EXERCISE PROMPT: In the records below, find the line with "και 15 χρόνια", then retype it and every following line exactly, stopping after the line with "Yangpyeong Gio Pension". Leave the pictures out.

EXTRACTED DATA:
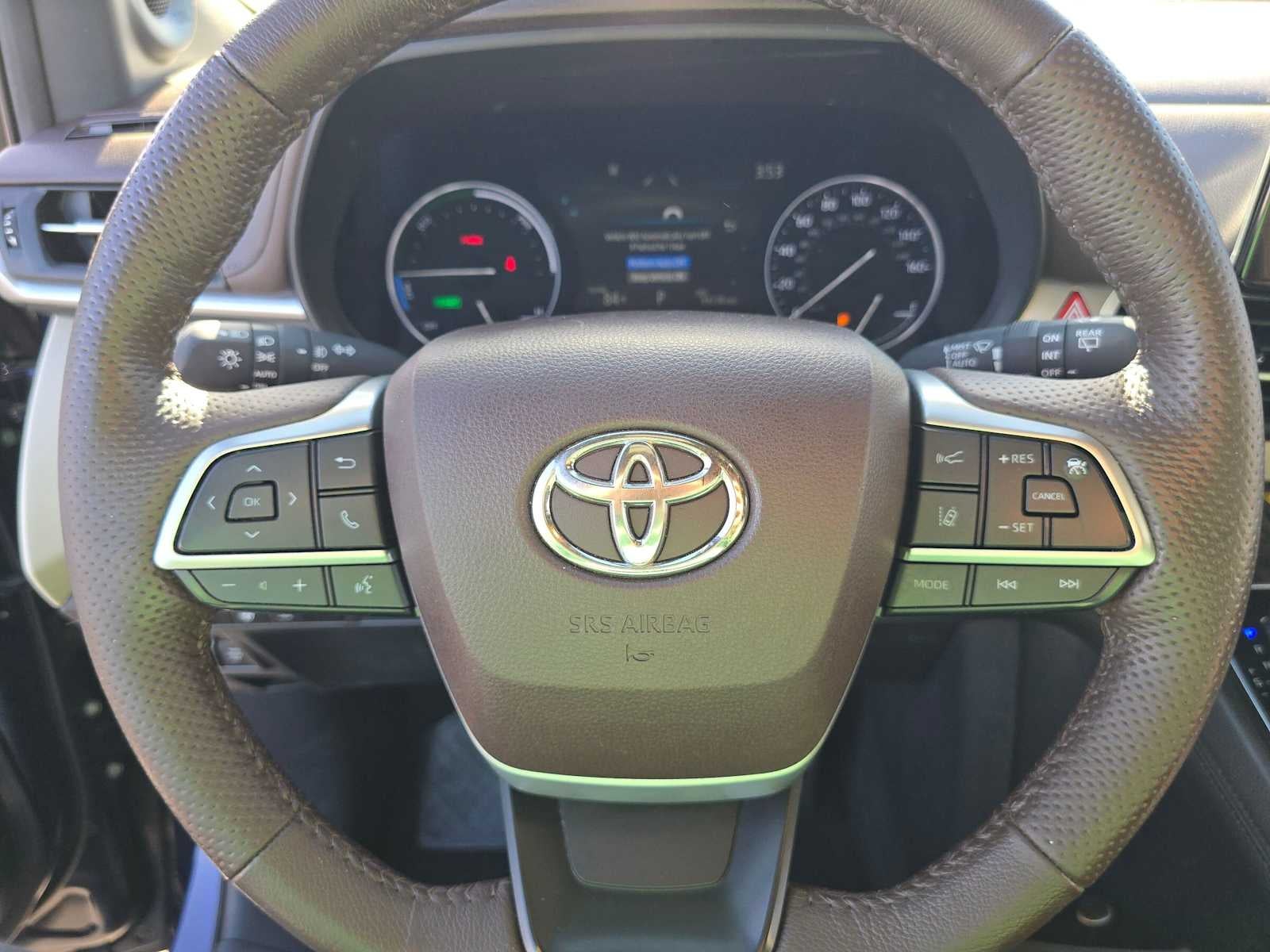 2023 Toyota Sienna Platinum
---
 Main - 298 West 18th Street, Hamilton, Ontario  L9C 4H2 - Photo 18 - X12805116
==
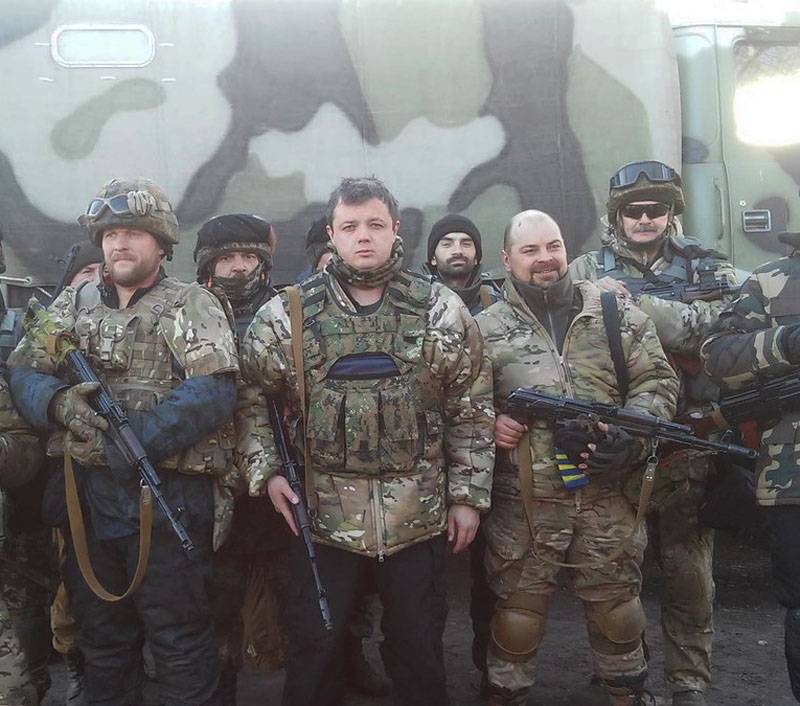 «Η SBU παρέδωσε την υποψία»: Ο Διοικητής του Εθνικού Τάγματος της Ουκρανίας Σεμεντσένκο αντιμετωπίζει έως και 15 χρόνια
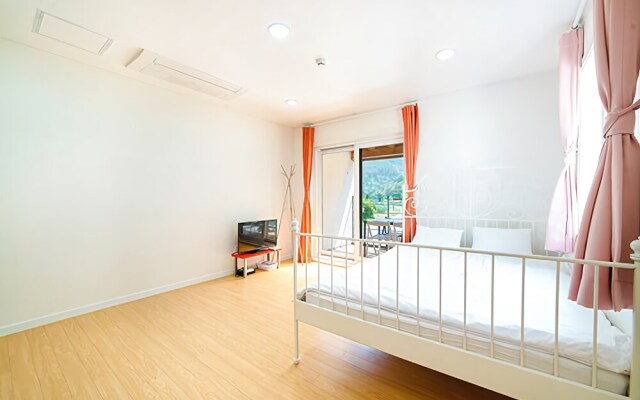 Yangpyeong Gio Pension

YOUR SOLUTION:
 «Η SBU παρέδωσε την υποψία»: Ο Διοικητής του Εθνικού Τάγματος της Ουκρανίας Σεμεντσένκο αντιμετωπίζει έως και 15 χρόνια
 Yangpyeong Gio Pension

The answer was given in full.